As far as addition goes, of course.. you wouldn't want to add the sugar dry. You could work it out with a warm solution of saturated sugar + nutrients (except for any solids. I'd guess you could just pitch in a bit of yeast hulls from time to time) in a vessel that had a slow stirrer (just some cheap gear motor connected to an old kitchen aid beater), and a calculated drip rate based on how fast the yeast were working. Or you could just do it over a fixed time period, like 72 hours or so. Or if you wanted to ferment more slowly, use that time period instead. I'm guessing though that the sugars that were there would get fermented a bit more quickly, so you would have to play with addition rates. It might also make sense to sparge out your sugar solution for a few minutes with N2 to get rid of oxygen, but I dont imagine that would be necessary.
Another advantage is that you can control the sugar concentration at any moment, and thus control the fermentation rate and temperature, directly. You wouldn't have to worry about foaming over, or overheating. In fact, I would bet the temperature would remain relatively constant throughout the process. You could even do various things like forcing a bit of stress at points during the ferment, to see what effect it had on the final flavor and %ABV.
Since you're going through all this trouble, you could also stir your ferment slowly to keep it from stratifying. Unless thats what you want
If you did stir your ferment, it would probably be good to be a slow, and non shearing mixer (like a few stacked discs with a few holes drilled in them near the spindle, or even easier.. just a length of stainless wire shaped like a tear drop near the end)

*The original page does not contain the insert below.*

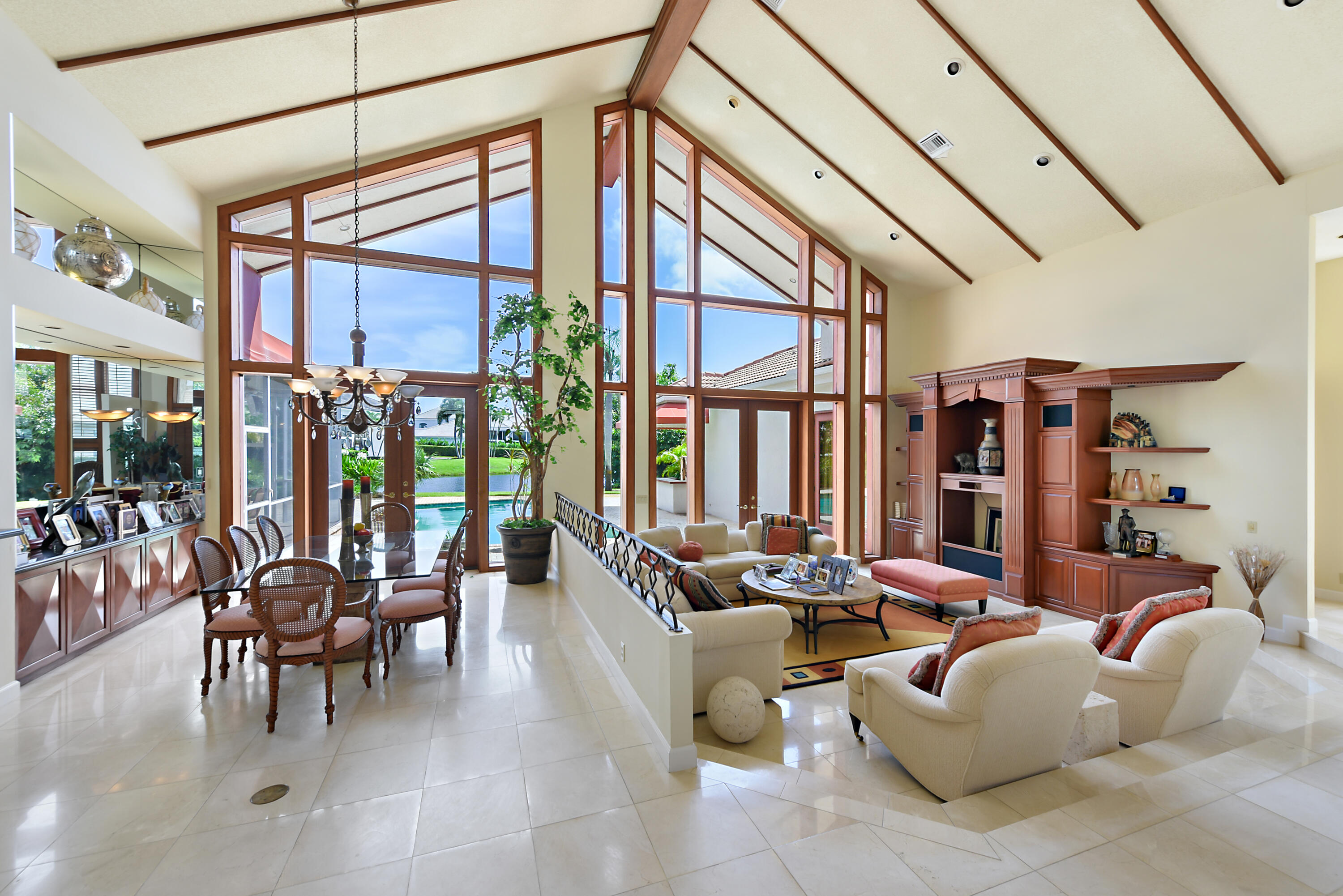 6923 Queenferry Circle Boca Raton, FL 33496 - Photo 5 of 82 family room/dining room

Its definitely a bit complicated, but it provides a whole new toy to play with. And since this whole thing is just one, big, giant toy for me to play with, I like that
Now, this could also mean that the fermentation might be more likely to stick.. I don't know. But if you were adding nutrients along with the sugars in good ratios, I would think that would prevent malnutrition. Or you could put ALL the nutrients in the fermentation tank, and only drip over the sugars.
Thats pretty much the whole spark. I dont think this setup is any more complicated (less even) than making up a VM reflux still, especially considering it doesn't involve winding copper, soldering and brazing!